▶ [SUPPLIED INFORMATION]:
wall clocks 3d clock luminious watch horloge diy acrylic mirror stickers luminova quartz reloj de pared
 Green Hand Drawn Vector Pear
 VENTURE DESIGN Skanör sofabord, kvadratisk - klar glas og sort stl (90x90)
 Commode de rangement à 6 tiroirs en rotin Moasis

▶ [ASSIGNMENT]:
Give the listing again, word for word.

▶ [TASK RESPONSE]:
wall clocks 3d clock luminious watch horloge diy acrylic mirror stickers luminova quartz reloj de pared
 Green Hand Drawn Vector Pear
 VENTURE DESIGN Skanör sofabord, kvadratisk - klar glas og sort stl (90x90)
 Commode de rangement à 6 tiroirs en rotin Moasis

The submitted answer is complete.